> _Task to complete_
Copy the lines exactly as they appear, starting with the first line of the records and ending with the line that contains "T-shirt with a".

> _Provided data_
● ● ● ●
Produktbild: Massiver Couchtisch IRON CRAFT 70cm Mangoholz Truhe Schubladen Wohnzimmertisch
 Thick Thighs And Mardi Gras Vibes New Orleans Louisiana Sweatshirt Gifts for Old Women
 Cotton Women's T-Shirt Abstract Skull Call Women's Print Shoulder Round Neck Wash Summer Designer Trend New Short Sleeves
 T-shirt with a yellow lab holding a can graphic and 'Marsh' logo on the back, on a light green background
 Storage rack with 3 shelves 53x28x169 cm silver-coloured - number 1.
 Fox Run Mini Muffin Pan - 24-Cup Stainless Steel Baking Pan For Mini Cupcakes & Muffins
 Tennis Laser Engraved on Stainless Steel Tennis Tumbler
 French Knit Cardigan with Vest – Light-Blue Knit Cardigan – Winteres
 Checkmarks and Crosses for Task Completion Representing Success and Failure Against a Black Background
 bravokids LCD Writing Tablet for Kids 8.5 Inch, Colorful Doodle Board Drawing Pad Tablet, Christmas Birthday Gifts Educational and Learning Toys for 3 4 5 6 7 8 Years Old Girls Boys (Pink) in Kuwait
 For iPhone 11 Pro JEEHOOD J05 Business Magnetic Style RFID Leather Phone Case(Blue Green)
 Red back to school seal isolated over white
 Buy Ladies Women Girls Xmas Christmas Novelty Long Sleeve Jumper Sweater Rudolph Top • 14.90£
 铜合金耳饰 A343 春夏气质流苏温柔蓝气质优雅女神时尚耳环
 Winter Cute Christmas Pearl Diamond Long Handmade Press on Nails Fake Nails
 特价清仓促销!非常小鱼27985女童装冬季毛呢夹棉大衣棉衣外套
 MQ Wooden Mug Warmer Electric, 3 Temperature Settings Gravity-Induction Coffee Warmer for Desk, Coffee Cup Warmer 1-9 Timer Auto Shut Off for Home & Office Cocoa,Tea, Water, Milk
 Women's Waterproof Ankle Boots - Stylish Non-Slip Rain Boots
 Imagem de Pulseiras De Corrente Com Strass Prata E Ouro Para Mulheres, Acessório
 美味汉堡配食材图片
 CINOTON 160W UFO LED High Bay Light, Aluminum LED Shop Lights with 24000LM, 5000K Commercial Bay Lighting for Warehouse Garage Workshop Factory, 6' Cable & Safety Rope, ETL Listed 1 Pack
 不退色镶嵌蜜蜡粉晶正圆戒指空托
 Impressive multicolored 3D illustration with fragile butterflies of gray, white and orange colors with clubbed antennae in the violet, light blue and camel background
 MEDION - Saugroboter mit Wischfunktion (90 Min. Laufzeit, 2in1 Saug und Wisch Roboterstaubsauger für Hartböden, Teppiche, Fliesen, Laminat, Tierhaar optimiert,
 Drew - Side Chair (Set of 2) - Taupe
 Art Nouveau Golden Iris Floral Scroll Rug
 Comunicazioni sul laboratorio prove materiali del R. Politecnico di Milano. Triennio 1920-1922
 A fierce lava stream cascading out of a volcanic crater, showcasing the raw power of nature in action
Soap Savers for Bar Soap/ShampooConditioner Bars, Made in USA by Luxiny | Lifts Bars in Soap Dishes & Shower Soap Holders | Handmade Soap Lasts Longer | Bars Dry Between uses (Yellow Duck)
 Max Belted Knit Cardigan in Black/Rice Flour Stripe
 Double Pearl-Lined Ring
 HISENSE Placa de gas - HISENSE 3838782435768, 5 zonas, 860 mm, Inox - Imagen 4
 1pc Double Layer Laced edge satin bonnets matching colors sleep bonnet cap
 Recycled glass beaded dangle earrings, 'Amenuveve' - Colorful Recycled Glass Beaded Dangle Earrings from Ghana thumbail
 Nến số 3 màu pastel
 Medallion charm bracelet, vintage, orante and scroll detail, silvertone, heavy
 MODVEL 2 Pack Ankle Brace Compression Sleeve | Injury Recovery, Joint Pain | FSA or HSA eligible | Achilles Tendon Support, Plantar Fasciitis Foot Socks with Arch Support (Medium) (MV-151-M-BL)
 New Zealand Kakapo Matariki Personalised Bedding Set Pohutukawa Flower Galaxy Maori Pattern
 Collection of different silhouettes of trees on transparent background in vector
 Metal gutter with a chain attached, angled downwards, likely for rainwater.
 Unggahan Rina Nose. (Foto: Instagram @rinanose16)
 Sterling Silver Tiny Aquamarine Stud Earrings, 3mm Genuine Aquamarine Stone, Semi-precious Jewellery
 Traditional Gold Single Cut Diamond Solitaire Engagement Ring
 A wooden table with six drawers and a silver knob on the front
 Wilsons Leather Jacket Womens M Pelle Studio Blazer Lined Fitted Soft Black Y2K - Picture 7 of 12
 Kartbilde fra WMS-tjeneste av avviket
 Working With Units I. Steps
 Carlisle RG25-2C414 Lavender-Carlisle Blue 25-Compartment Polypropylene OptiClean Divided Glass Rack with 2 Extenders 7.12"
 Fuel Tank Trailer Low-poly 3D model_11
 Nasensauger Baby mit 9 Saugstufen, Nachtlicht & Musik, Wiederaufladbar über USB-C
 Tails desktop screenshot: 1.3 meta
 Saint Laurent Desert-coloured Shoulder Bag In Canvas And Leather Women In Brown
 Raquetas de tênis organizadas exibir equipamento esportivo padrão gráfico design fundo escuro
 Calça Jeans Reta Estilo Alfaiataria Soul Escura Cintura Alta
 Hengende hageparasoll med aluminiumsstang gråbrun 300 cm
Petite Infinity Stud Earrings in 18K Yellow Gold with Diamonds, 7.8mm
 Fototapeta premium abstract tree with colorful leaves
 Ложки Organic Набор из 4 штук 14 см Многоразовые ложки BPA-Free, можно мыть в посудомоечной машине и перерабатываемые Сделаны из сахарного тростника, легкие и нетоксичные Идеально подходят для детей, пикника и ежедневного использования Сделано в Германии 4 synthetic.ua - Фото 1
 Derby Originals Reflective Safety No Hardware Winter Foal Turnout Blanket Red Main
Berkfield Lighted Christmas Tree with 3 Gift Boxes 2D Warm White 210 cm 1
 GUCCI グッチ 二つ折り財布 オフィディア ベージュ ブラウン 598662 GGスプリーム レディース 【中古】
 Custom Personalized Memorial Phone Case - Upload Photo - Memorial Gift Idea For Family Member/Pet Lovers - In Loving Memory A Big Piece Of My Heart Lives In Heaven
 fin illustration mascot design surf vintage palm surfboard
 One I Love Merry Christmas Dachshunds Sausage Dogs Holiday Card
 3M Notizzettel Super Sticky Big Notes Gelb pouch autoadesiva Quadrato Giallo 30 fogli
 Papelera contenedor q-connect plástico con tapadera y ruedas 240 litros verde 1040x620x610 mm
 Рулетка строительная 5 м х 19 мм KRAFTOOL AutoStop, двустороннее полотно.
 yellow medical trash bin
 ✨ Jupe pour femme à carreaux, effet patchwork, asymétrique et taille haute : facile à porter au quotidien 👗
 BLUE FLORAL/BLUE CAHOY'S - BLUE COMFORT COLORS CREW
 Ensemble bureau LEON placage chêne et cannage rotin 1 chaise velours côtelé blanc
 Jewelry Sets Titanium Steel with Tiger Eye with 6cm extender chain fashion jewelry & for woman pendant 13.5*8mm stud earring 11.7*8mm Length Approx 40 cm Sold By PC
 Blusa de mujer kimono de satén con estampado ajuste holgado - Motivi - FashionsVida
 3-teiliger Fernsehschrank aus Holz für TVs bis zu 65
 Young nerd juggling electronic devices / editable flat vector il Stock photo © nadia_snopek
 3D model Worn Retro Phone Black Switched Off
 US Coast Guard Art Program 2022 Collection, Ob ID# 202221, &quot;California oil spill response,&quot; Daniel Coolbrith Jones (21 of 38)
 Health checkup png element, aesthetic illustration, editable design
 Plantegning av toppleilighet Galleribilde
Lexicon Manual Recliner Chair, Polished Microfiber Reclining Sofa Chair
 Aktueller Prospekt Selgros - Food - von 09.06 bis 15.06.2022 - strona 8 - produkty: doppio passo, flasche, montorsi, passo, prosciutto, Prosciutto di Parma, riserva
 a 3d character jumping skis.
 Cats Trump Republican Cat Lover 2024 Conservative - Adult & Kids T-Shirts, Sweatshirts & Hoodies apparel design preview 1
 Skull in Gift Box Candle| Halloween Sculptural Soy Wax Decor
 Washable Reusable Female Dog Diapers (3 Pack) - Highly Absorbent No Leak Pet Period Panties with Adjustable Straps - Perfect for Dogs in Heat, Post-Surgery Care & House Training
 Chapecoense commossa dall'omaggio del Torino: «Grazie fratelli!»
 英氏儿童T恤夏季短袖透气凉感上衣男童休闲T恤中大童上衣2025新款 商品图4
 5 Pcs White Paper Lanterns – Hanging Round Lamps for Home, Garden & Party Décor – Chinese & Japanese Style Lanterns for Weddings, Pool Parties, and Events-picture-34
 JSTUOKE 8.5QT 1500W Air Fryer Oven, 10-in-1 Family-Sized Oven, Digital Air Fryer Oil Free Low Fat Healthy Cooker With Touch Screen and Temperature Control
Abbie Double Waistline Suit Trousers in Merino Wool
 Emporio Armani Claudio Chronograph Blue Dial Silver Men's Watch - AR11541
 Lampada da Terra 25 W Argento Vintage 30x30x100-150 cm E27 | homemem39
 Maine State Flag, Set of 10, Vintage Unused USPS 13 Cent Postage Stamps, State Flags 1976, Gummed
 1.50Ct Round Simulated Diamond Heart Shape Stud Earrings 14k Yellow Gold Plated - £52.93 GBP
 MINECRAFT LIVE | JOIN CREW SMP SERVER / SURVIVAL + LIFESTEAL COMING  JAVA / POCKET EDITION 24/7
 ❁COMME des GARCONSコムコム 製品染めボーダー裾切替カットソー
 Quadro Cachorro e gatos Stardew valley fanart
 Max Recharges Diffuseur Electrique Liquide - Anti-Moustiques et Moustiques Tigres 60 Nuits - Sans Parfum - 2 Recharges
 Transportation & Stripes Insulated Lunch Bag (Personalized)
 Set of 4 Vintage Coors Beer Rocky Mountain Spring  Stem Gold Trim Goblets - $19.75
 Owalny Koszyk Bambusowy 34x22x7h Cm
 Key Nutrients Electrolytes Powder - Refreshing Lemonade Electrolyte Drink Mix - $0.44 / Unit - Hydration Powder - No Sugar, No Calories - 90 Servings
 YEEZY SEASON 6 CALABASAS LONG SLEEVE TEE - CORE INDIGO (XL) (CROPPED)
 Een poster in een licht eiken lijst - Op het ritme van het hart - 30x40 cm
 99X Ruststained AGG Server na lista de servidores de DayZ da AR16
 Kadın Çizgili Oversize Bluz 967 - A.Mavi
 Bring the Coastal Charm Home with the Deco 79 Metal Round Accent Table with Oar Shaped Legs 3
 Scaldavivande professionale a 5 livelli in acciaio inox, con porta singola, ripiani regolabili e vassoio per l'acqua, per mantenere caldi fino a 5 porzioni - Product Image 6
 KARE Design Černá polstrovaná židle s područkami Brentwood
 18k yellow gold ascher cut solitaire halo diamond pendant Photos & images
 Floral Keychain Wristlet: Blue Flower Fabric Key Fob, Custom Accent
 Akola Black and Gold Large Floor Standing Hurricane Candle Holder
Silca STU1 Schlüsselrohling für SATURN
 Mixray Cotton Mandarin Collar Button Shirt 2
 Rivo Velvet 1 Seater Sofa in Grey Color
● ● ● ●
> _Task solution_
Produktbild: Massiver Couchtisch IRON CRAFT 70cm Mangoholz Truhe Schubladen Wohnzimmertisch
 Thick Thighs And Mardi Gras Vibes New Orleans Louisiana Sweatshirt Gifts for Old Women
 Cotton Women's T-Shirt Abstract Skull Call Women's Print Shoulder Round Neck Wash Summer Designer Trend New Short Sleeves
 T-shirt with a yellow lab holding a can graphic and 'Marsh' logo on the back, on a light green background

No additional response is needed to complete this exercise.